Use of 3 or more behavioral change techniques in the integrative interventions was associated with more promising, though still mixed, evidence for improved physical activity levels. Six of 10 trials reported such improvements with a combination of PASD, motivational messages, exercise plans, and objective activity feedback33,35,45,46,48,49; 4 reported no effect.32,44,49,50 In a study by Bickmore et al.49 on the effect of a virtual coaching computer program with individualized exercise goals and motivational messages, the intervention was successful at 2 months for increasing daily step counts, but the effect did not last after 1 year. Martin et al.33 also found no significant effect on activity level and duration when participants received only device feedback; however, there was a significant increase in step counts per day and duration of exercise after the group received motivational text messages, planned exercise goals, and activity-level feedback compared to an attention control group using a device with no access to device data. In contrast, Newton et al.44 reported that weekly text messages to participants reminding them to wear the pedometer and stay active did not improve either activity level or amount of exercise. McMurdo et al.45 found an increase in physical activity at 6 months among sedentary elderly women by providing individualized activity plans and motivational messages but no accelerometer.

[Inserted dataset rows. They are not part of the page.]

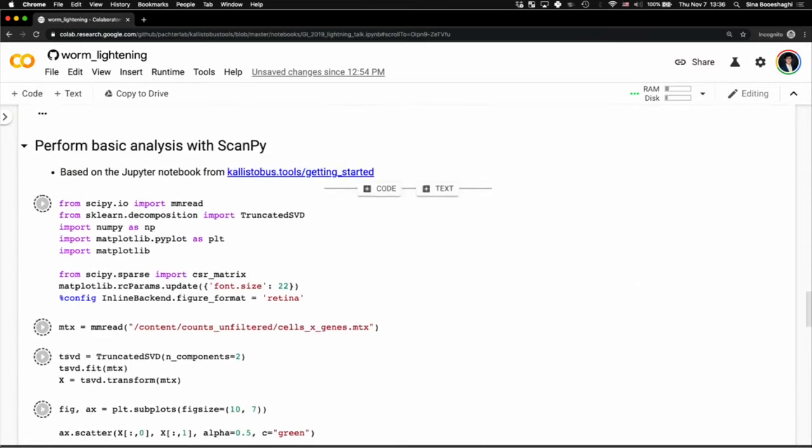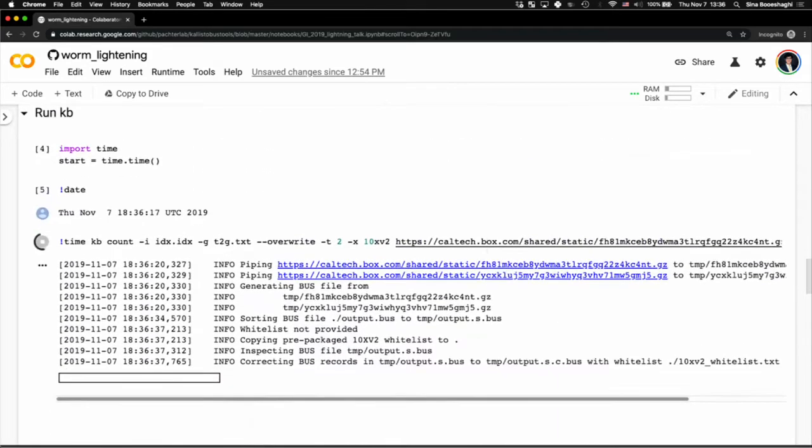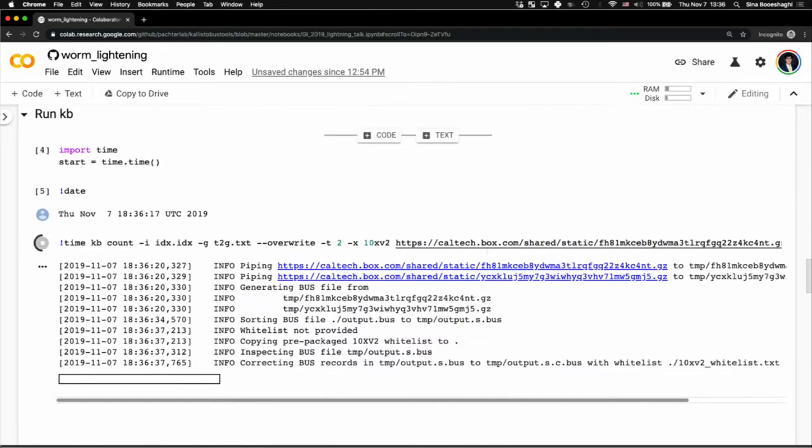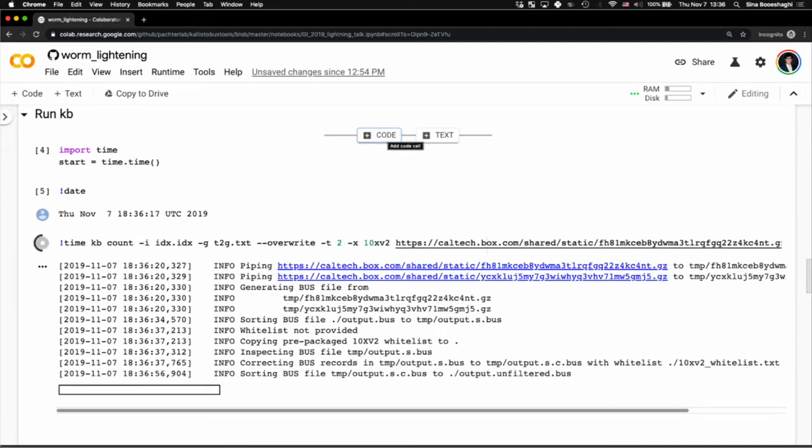So let me show you exactly what we're doing. If we scroll up here, I'll show you that we're actually streaming reads from a box account from Microsoft all the way into this Google Colab notebook, which is a very minimal computer with two threads, 12 gigabytes of RAM, 300 gigabytes of storage.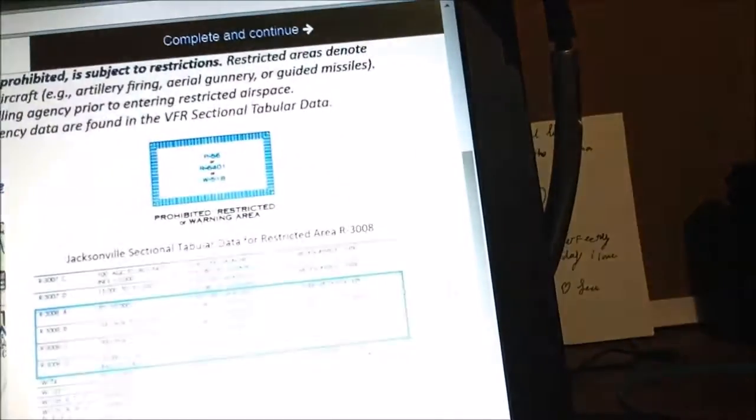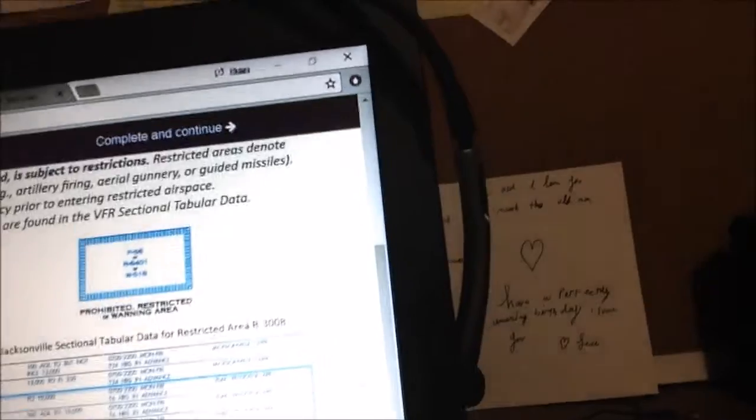Hazards include artillery fire, aerial gunnery, or guided missiles. Individuals must have authorization from the controlling agency prior to entering restricted airspace. Altitudes, hours of effect, and controlling agency data are also found in the VFR sectional tabular data. You don't want to be flying in that area without permission. It's identified by a thin solid blue defined area with hash marks extending inside, with a restricted airspace number and identifier. The tabular data provides the contact agency, hours of use, altitude, and the actual code.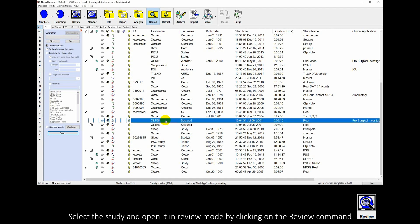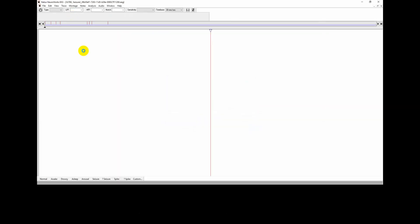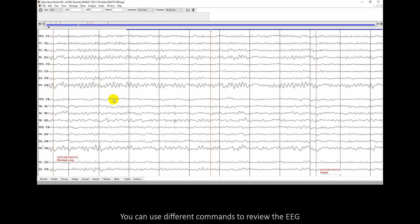Select the study and open it in review mode by clicking on the review command. You can use different commands to review the EEG.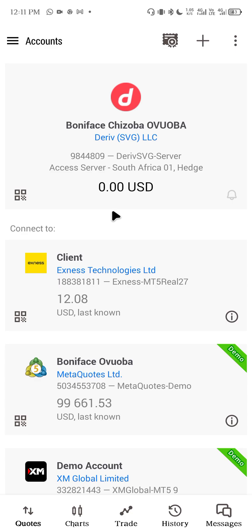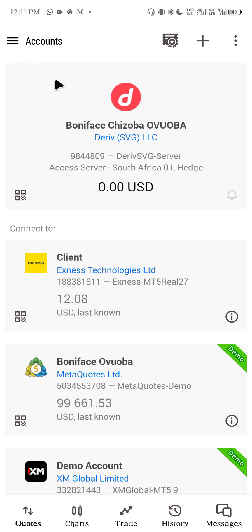If you have any questions, let me know in the comment section. If you tried it and it worked, also let me know. If you haven't started using Deriv, I'd advise you to check it out — they offer good customer support and have synthetic indices, boom and crash, and more. You can also check out Xness; I'll put the link in the description. Please subscribe to the channel and see you in my next video.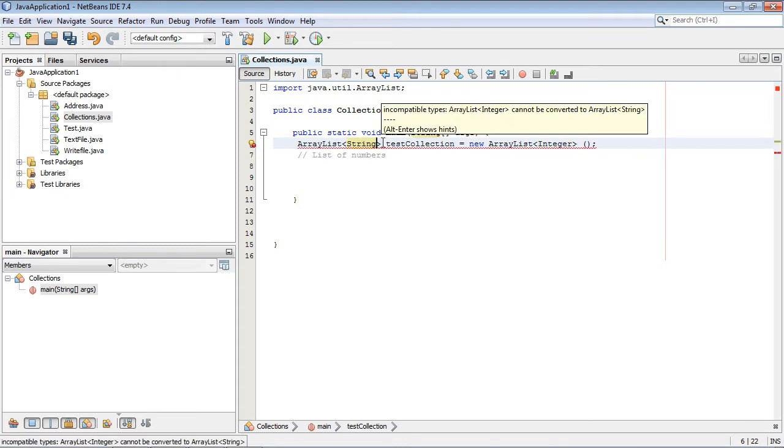Now we could write in String here and we could hold a bunch of strings, such as names or lists of countries, any type of list that we wanted to hold. But as I said, we're going to do Integer.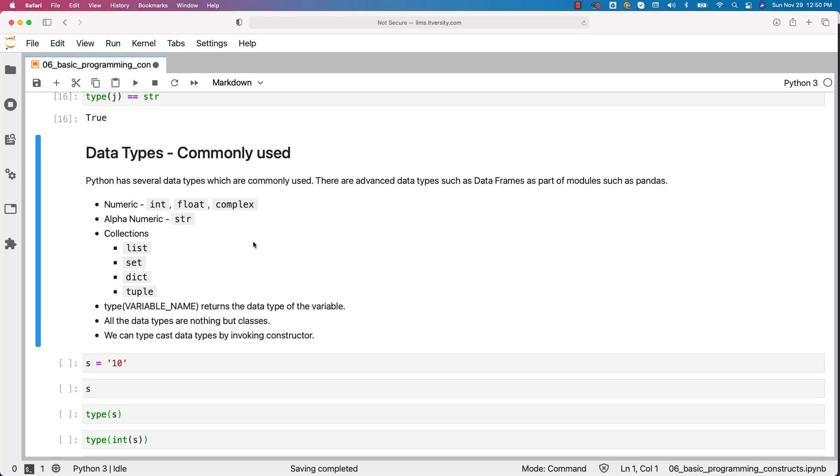Let us get an overview of commonly used Python data types. Python has several data types which are commonly used, however we will be seeing only a handful of them. As we get into the course we will understand most of the commonly used data types using realistic examples, so don't worry too much about all the data types at this time.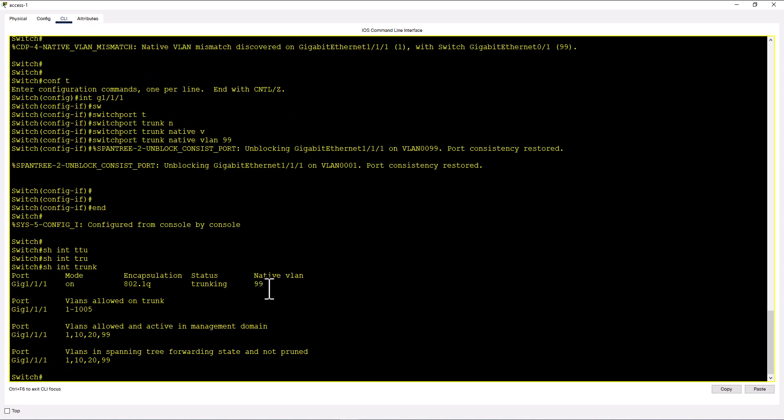People tend to change native VLAN from VLAN 1 to 99 to prevent VLAN hopping attacks. So it is a good practice you select a different VLAN for native VLAN other than VLAN 1.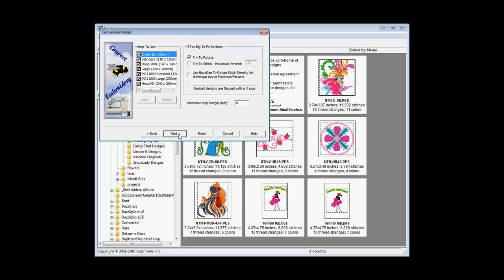Select the hoops that you want BuzzExplorer to convert to. Rotate and resize options are available. A convenience option to use BuzzSize is selectable for those that own this program.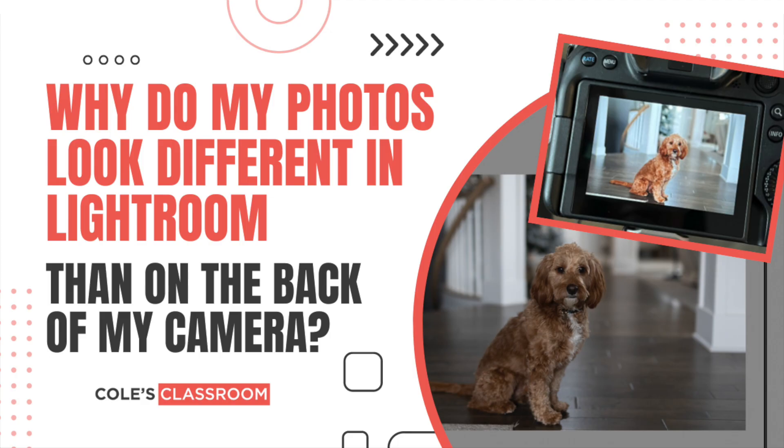Hey there, this is Betsy from Cole's Classroom and today we're going to answer one of the most common questions that we get surrounding RAW files.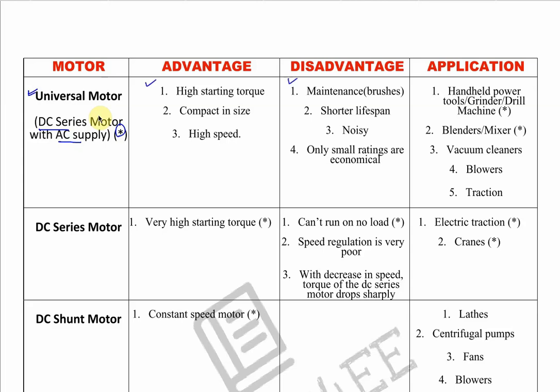The universal motor's advantages, disadvantages, and applications include hand-held power tools. You can use it for tools like a grinder, a drill machine, a mixer in which you mix ingredients, and blenders. This is a universal motor and it has a star marking as it has already appeared in exams.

Three studies reported that interventions with 3 or more behavioral change techniques increased the duration of physical activity33,35,43; 3 others reported no effect.32,44,45 For example, Butler et al.43 showed a long-term effect of integrative interventions among adult patients participating in cardiac rehabilitation programs, whereas McMurdo et al.45 reported no effect in sedentary elderly women after 6 months. In the 1 study assessing reported exercise tolerance in metabolic equivalents, the intervention was not effective.43
Body measures
Three trials concluded that an intervention using PASDs does not affect body mass index,34,43,44 while 2 studies reported body mass index improvements in postpartum women46 and obese adults (Table 4).51
Studies reported mixed outcomes of PASDs incorporating motivational messages, goal setting, and objective activity feedback on hip circumference. Maturi et al.46 found the intervention effective among postpartum women, and Wijsman et al.35 reported positive results in sedentary older adults. Two studies showed no effect on waist circumference.34,43
Physiological measures
Few studies evaluated the impact of PASD interventions on physiological measures, and results were mixed (Table 4). Shuger et al.34 reported no reduction in body fat percentage after providing objective activity feedback alongside motivational messages and exercise planning to sedentary obese adults, but Wijsman et al.35 reported a positive change among sedentary older adults. Wijsman et al.35 also found improvement in HbA1c, while Newton et al.44 observed no change in HbA1c among type 1 diabetes patients. One study also found that a computerized intervention with motivational messages, when combined with self-monitoring and individualized goal setting, improved fasting serum insulin levels but had no effect on fasting serum glucose levels.35 Other trials reported no effect on blood pressure,35,44,51 serum lipid profile,35,51 or Framingham 10-year risk of heart attack.35
Weight loss
Four reports showed that use of PASDs could help patients lose weight (Table 4).34,35,46,51 The integrative interventions of PASD with self-monitoring, motivational messages, and goal setting were successful even without providing software.46 Wijsman et al.35 and Oh et al.51 studied the impact of computerized self-monitoring programs with individualized exercise planning and motivational feedback on weight in sedentary elders and obese adults with metabolic syndrome. Participants in the intervention groups lost, on average, 1.5 kg of weight after 3 months35 and 2.2 kg after 6 months,51 significantly more than control group participants. Maturi et al.46 conducted similar interventions, but without IT software, with postpartum women and found a significant mean weight decrease of 2.1 kg after 3 months. Shuger et al.34 studied 2 types of interventions in the short and long term with physically inactive obese adults. They reported that providing activity-level feedback alone did not result in weight loss; however, adding computerized real-time self-monitoring along with group-based education resulted in an average 9-month weight decrease of 6.59 kg.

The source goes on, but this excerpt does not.